Task to carry out —
Below are entries with pictures in them. Output exactly the lines starting at the line with "Your Essential Sports" and ending at the line with "Appartement à vendre, 69m², Cannes", both included, but not the pictures.
***** Exercise material
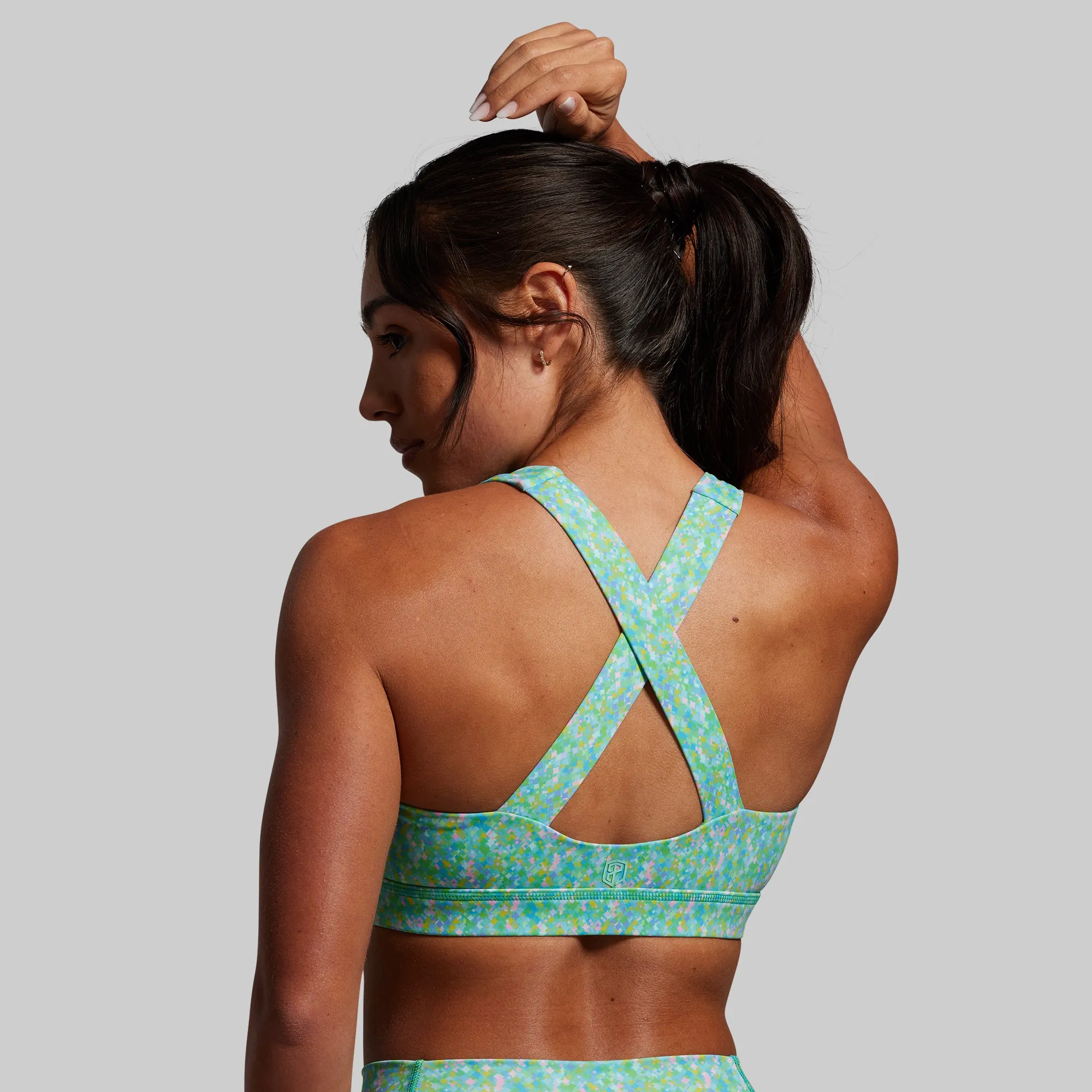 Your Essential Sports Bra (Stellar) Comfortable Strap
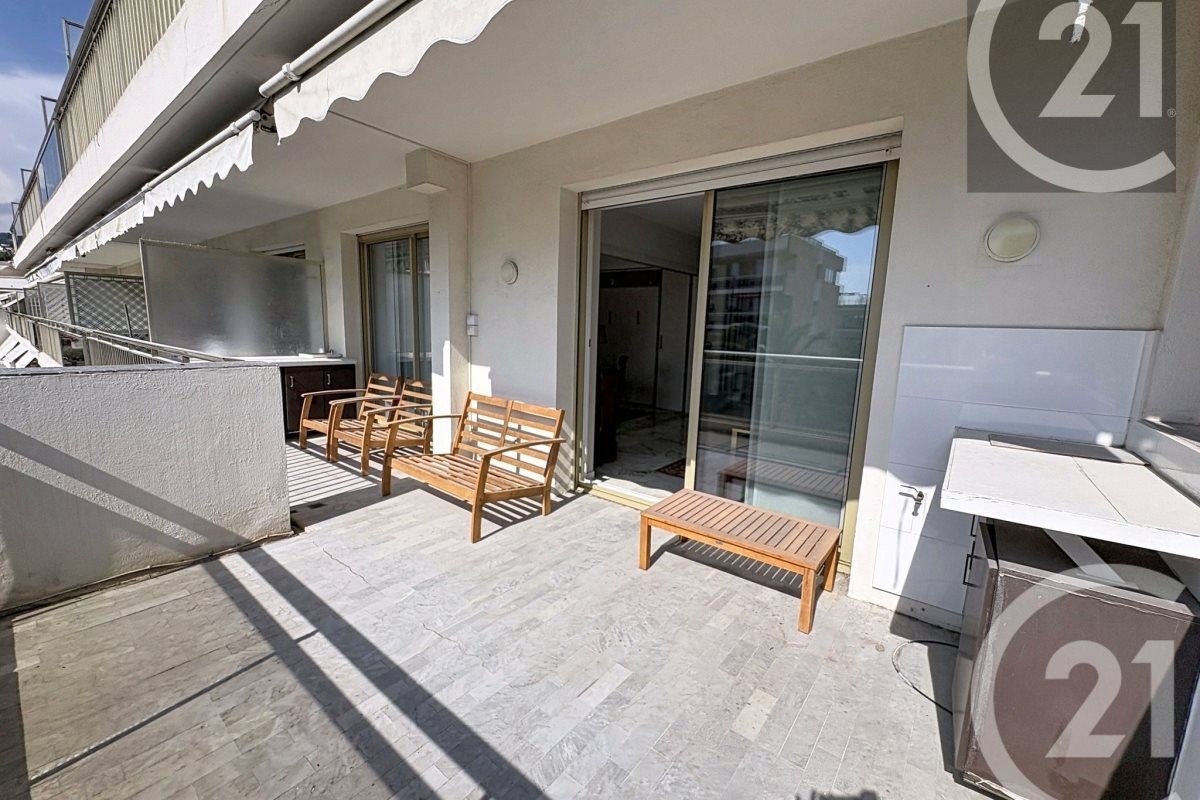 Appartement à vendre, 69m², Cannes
**********
***** Exercise material
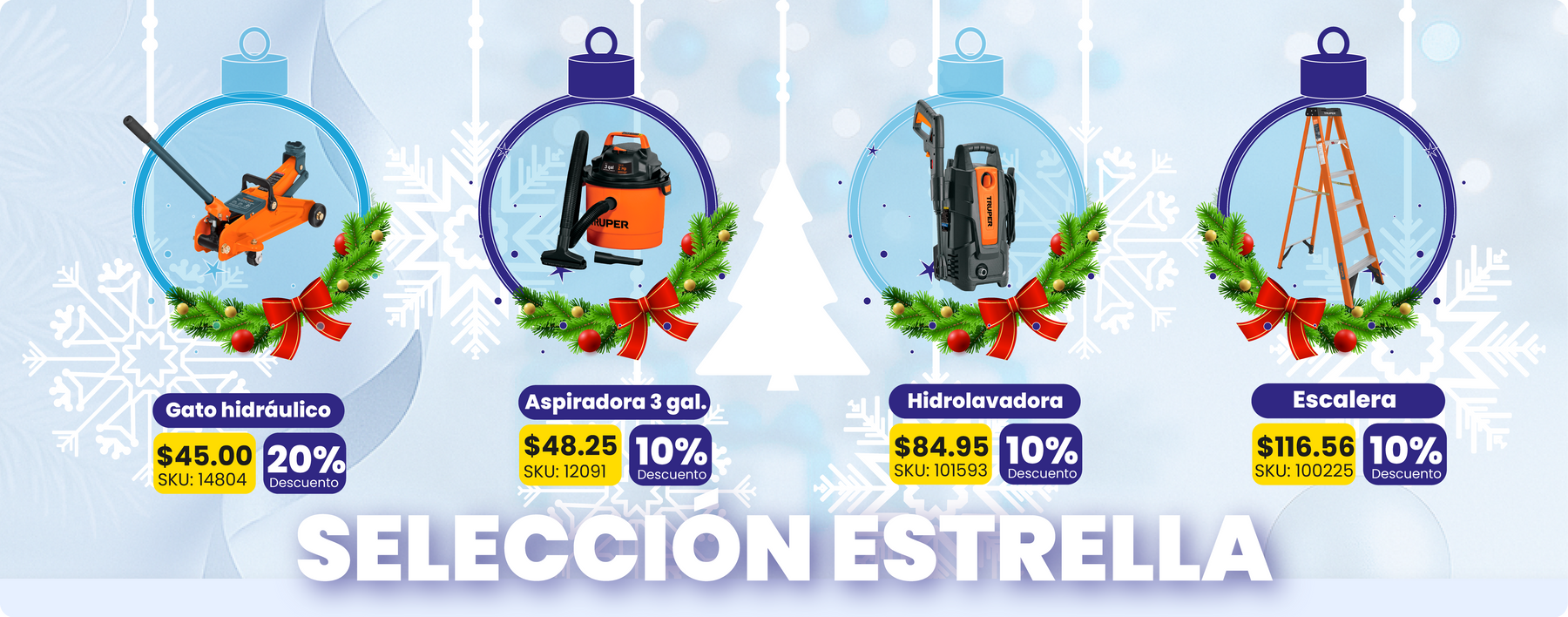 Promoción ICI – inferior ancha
**********
***** Exercise material
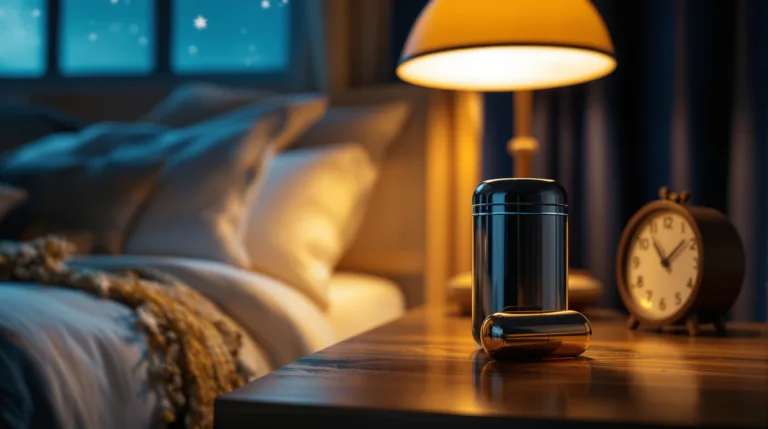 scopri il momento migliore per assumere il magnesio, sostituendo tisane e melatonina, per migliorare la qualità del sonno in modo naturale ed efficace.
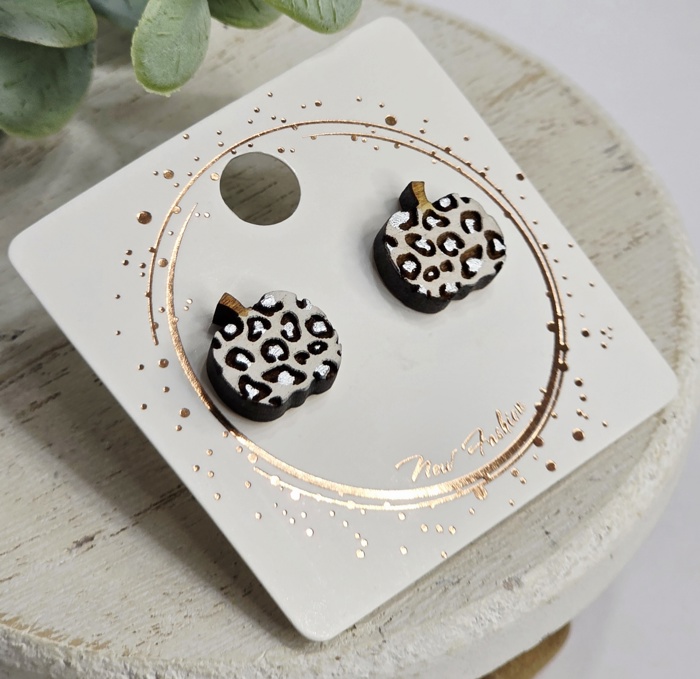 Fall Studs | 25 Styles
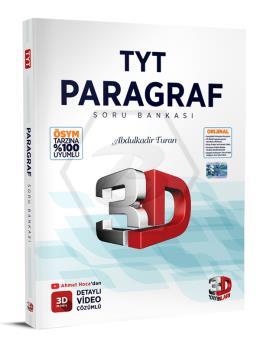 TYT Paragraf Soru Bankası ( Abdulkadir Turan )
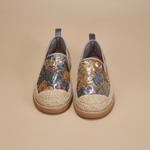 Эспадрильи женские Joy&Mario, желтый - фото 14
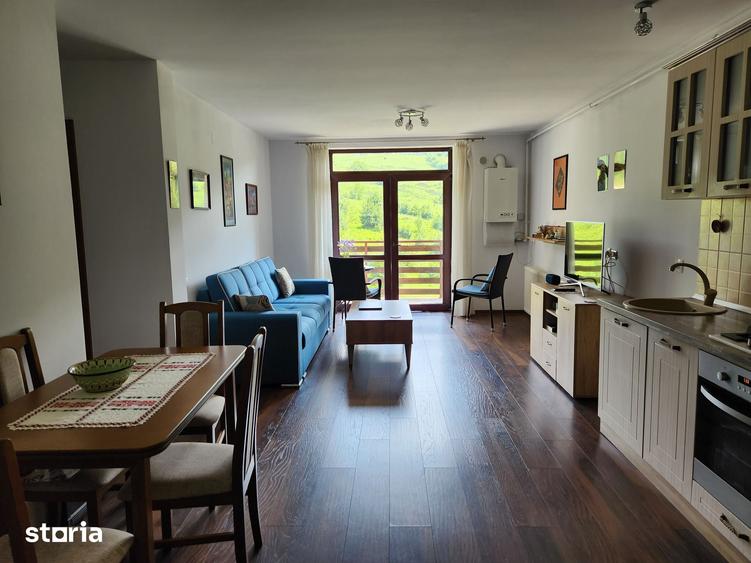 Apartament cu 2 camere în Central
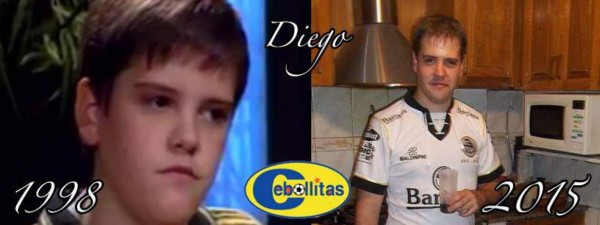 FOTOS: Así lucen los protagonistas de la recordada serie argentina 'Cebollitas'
**********
Result of the task —
 Your Essential Sports Bra (Stellar) Comfortable Strap
 Appartement à vendre, 69m², Cannes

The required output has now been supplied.